*** Extracted information Section Begins ***

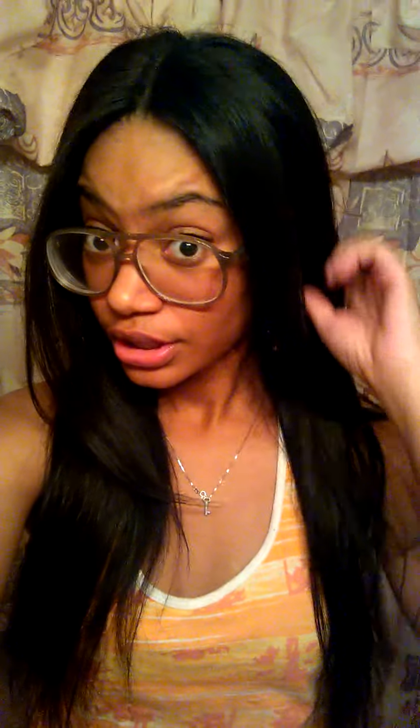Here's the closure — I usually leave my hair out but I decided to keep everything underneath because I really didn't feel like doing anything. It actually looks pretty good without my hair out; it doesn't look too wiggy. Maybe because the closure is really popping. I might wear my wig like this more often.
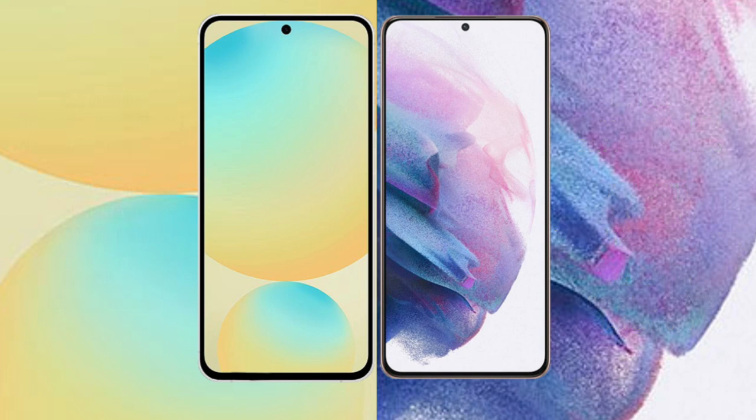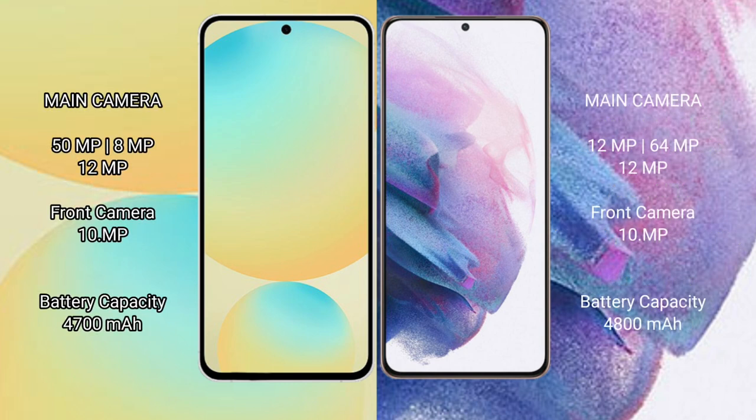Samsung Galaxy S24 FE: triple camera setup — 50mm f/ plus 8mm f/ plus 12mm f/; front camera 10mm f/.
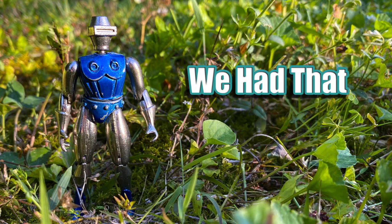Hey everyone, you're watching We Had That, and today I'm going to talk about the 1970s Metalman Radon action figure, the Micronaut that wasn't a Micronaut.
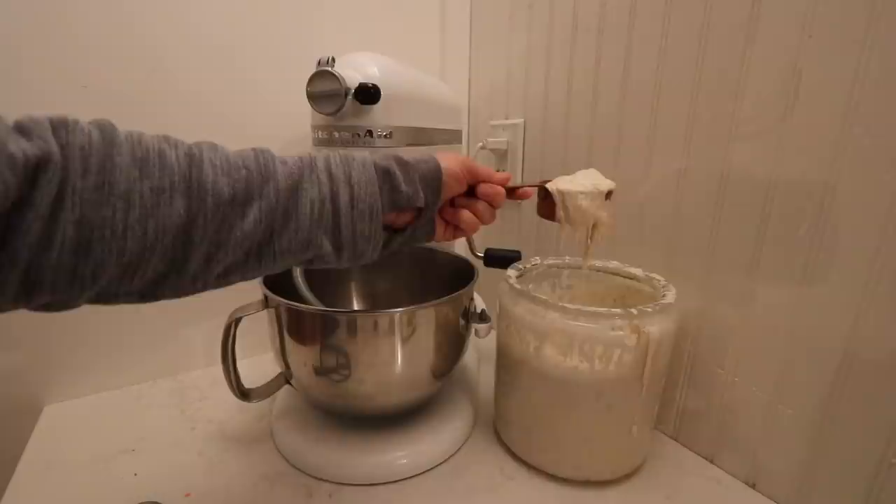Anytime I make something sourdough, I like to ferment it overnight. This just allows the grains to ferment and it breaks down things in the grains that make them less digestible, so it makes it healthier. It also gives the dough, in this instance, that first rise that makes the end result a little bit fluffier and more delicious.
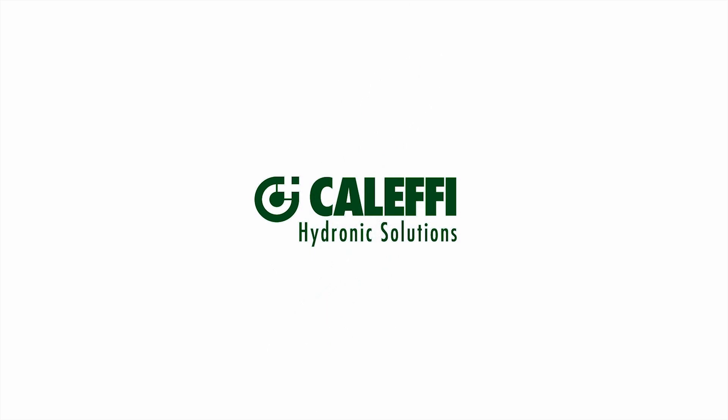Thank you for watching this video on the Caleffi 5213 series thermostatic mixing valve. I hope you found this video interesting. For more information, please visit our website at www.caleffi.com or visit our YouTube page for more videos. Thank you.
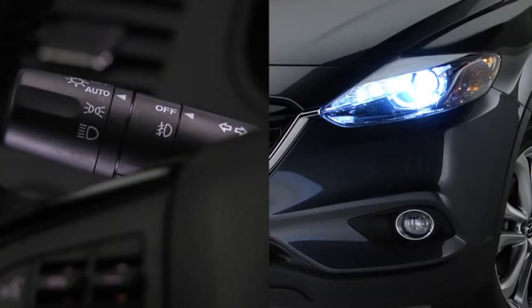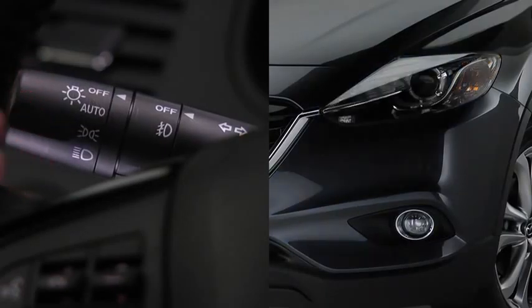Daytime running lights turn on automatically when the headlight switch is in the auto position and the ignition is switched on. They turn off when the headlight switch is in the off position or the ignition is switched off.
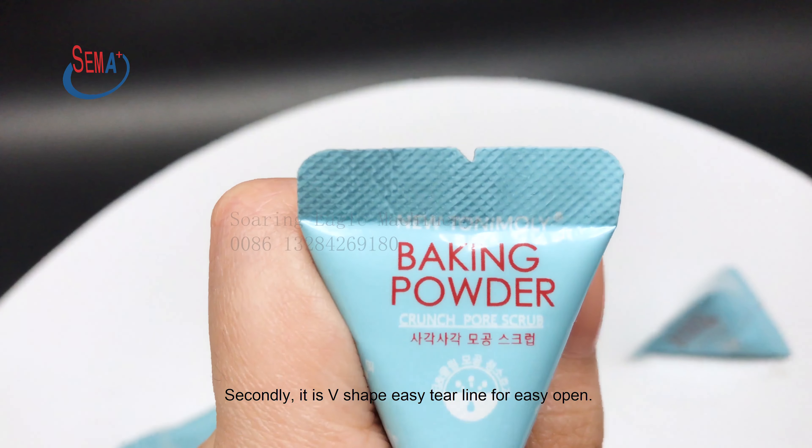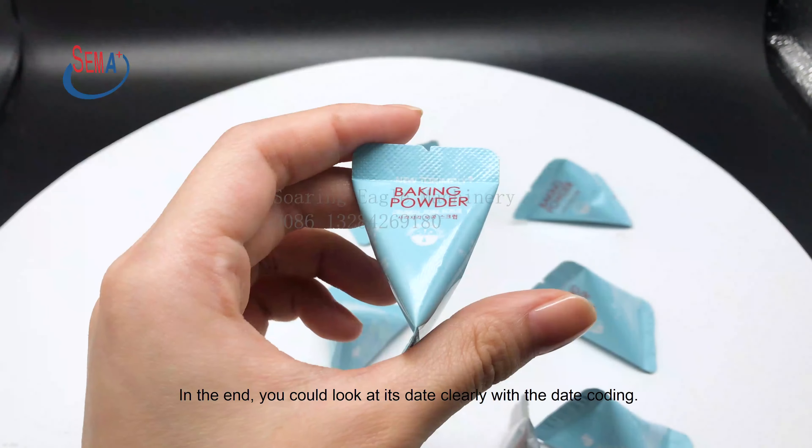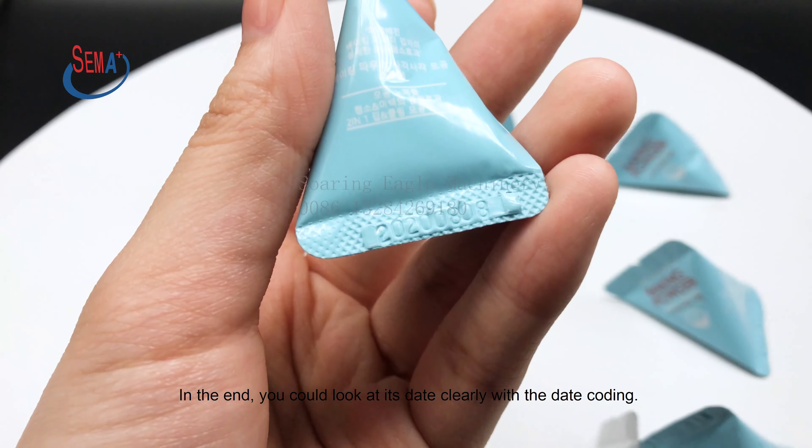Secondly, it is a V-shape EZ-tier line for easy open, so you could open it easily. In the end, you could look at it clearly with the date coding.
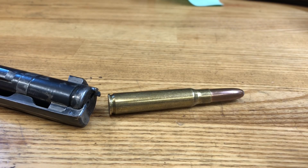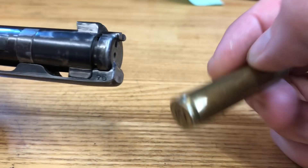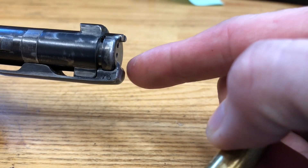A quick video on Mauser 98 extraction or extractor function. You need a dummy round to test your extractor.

*** Extracted information Section Ends ***

* Work required
Copy exactly the lines from the line that contains "Secondly, it is" through the last line of the records above, both ends included, but leave out the pictures.

* Solution to the exercise
Secondly, it is a V-shape EZ-tier line for easy open, so you could open it easily. In the end, you could look at it clearly with the date coding.
A quick video on Mauser 98 extraction or extractor function. You need a dummy round to test your extractor.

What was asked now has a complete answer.